‘Is it a person? Is it even a real thing? It’s a red skirted bitch, it’s disgusting’
The first ever Battle of the Bands at Spoilers was held on Easter Sunday, as murmurs and rumours do not a review make, I wobbled over to have a nosey. I say wobbled because I hadn’t been well the week before, so I knew I wouldn’t last for the entire show.
There was a healthy crowd in attendance, but my persons of interest were Coventry ruffians The Caroline Bomb, who braved our dustbin fiasco to add a touch of gritty glamour to our day.
Singer Phoebe Court had escaped from the ‘Chicken Pen’ along with her cohorts, Henry Fisher – bass, Joe McAvoy – Boss – guitar, and Luke Oosterbaan on drums as they clucked, ducked and dived around the stage.
Phoebe gives us a full body experience, she is an artist who is animated and visually striking, she contorts and breaks to the music, shapeshifting to each note, physically demanding, yet natural and fluid.
What I love are the images that are created in my head when I hear words like this
‘Everyone’s so wired, so I take my self out of town, find me dancing under the yellow sky’
We are dying amidst this confusion and chaos; be the reason someone wants to dance freely and fearlessly.

There is an acerbic potency to the lyrics and the melodies, they cut you deep, pour salt on your wounds and then gently administer first aid, signifying a focus and momentum that TCB have perfected.

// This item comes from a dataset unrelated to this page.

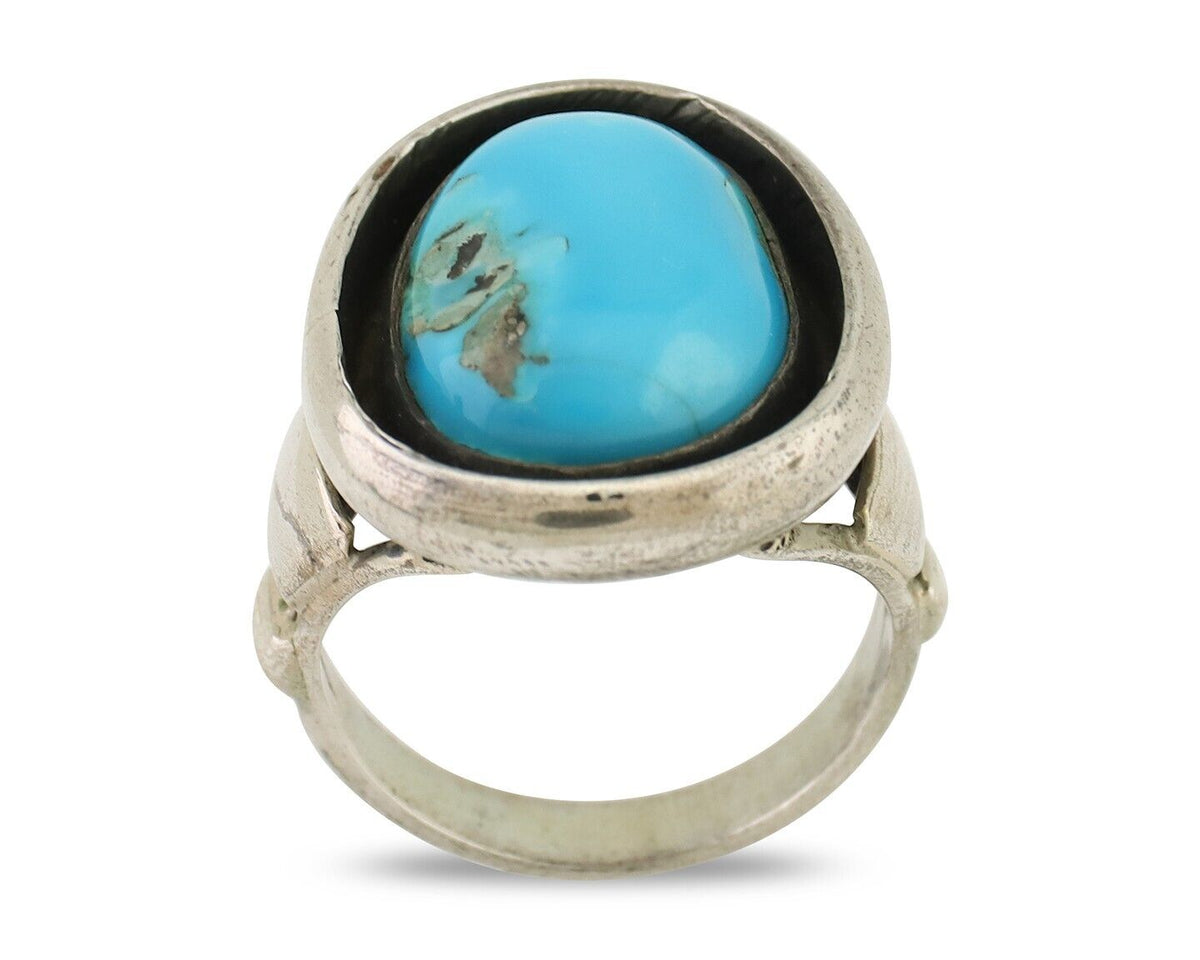 Navajo Ring 925 Silver Sleeping Beauty Turquoise Signed M Montoya C.80's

The music is trance-like, it powers along at hyperlight, then we get lighter, gentler aspects like sunshine teasing its way in through your window. The Caroline Bomb stand for everything that is wrong and are making attempts to put things right. The responsibility lies with us to do better and be better.
We are treated to two unreleased numbers, waiting at the ‘Pearly Gates’ and ‘Murder Money Man’ as we charge graciously to the set closer ‘Marginalised’ a track that leaves impressions that will cause discomfort but it’s importance and lesson learning ability is indispensable.
The set is incredibly taut, marinated in an awareness, the kind that is reserved for those living on the edge with every breath that they take.
The band and their music reach out to those who are ready to self-destruct, those drip-feeding self-esteem, feeling like they’ve been pushed out of an aeroplane, there is only one way to go when the brakes have failed and the parachute won’t open. I collapsed on the sofa and thought about the band I had just seen.
It is a damning consequence of the times we are in; we are all fragments of a damaged and hateful world.
Broken, battered, weather-beaten, at least with Phoebe and Co, the weathers decent.

Azra Pathan
The Caroline Bomb – 5th April 2026, Spoilers – Digbeth, Birmingham.